Cheeseboy also remembers a determined Leremi ready to dance to Sundowns’ Shoe Shine ‘n Piano.
“He came to my house after he moved to Sundowns because we were no longer staying together at the time. He said to me ‘I need boots’ and I gave him my blue Adidas boots. He explained to me ‘I need these boots because what I’m going to start now is a journey people won’t believe. I’ll be able to fulfil my dreams’. I gave him my boots. He was happy his life would take a new turn.”
Shortly before 9.15pm on Monday, 3 September 2007, a 22-year-old Leremi was travelling north on Kliprivier Road towards Johannesburg and just before the R556 split towards Lenasia, Leremi lost control of the dark-blue BMW 3-series, he was driving.
He swerved right, nipping the edge of the grassy centre divide with his right tyres before the car veered left.
He braked hard as the car cut over the left lane and shoulder, before hitting a shallow drainage ditch. The ditch did nothing to slow the momentum of the car, which climbed the nearby 2m embankment and threw Leremi from the front seat.
The car, still moving north, rolled several times before coming to rest 36m from Leremi’s body. His left arm and leg appear to have borne the brunt of the crash. He was pronounced dead at the scene.
His heart-rending death came only 12 days before he was to face the Buccaneers for the first time. The showdown between Leremi and his inseparable friend, Cheeseboy, would have come in a prestigious stage, the SAA Supa 8 final.
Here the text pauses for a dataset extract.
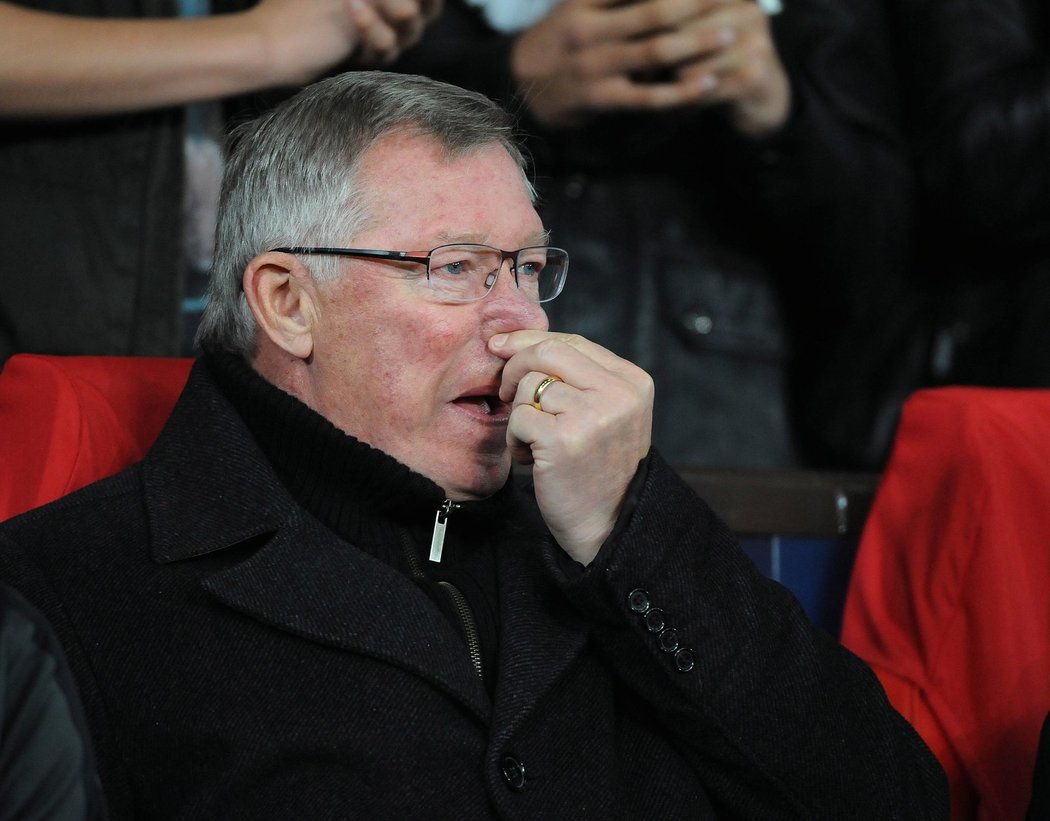 Sir Alex Ferguson, manažer fotbalové Manchesteru United, byl zaskočený tím, že se vedení klubu porozhlíží po jeho potenciálních nástupcích. Sám se totiž končit nechystá.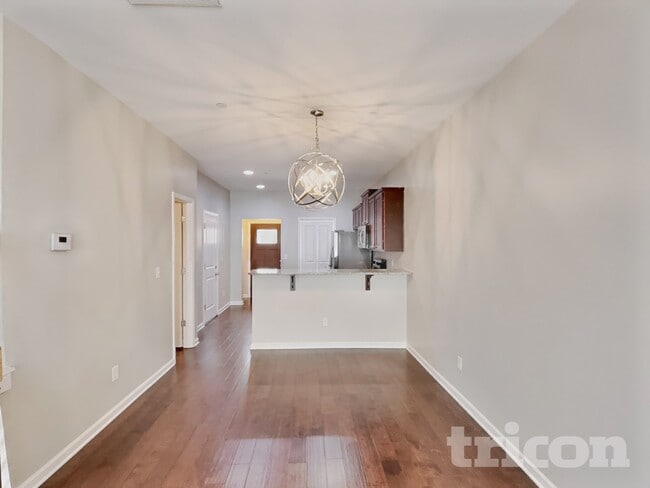 Photo - 502 Hickory Leaf Ct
“His death hit me hard,” admits Cheeseboy. “I didn’t realise it affected my career as well. I lost the urge to push, I was not okay mentally. Unfortunately, I didn’t get any sort of counselling,” he adds.
The blow of his friend’s death, followed by the passing of his mother four months later, would have a lasting impact on Cheeseboy. “My mum tried to help me. Four months down the line I lost her as well. Both people I admired the most were taken away from me in my early 20s.”
Nonetheless, Cheeseboy, who went on to join Sundowns in 2009, singles out the period he played with Leremi at Bucs as the most memorable spell of his career.
“Playing with Gift. That’ll always be a standout period for me. The only thing I’m left with is all those memories. We did a lot of things on and off the field. He was like a brother to me. I felt protected. He also felt the comfort of having a young brother in me.”
For Cheeseboy, even 14 years after his death, the man nicknamed Continental remains one of the special talents that donned the skull and crossbones.
“Guys like Esrom (Nyandoro) were stunned by his talent after he joined Sundowns. They admitted we had something special in Gift, and that Pirates developed a quality player. He was still very young, playing with highly paid stars at Sundowns yet he still stamped his authority.”
Sadly, the bigger dream to one day be counted amongst Real Madrid’s Galácticos was cut short. Death be not proud.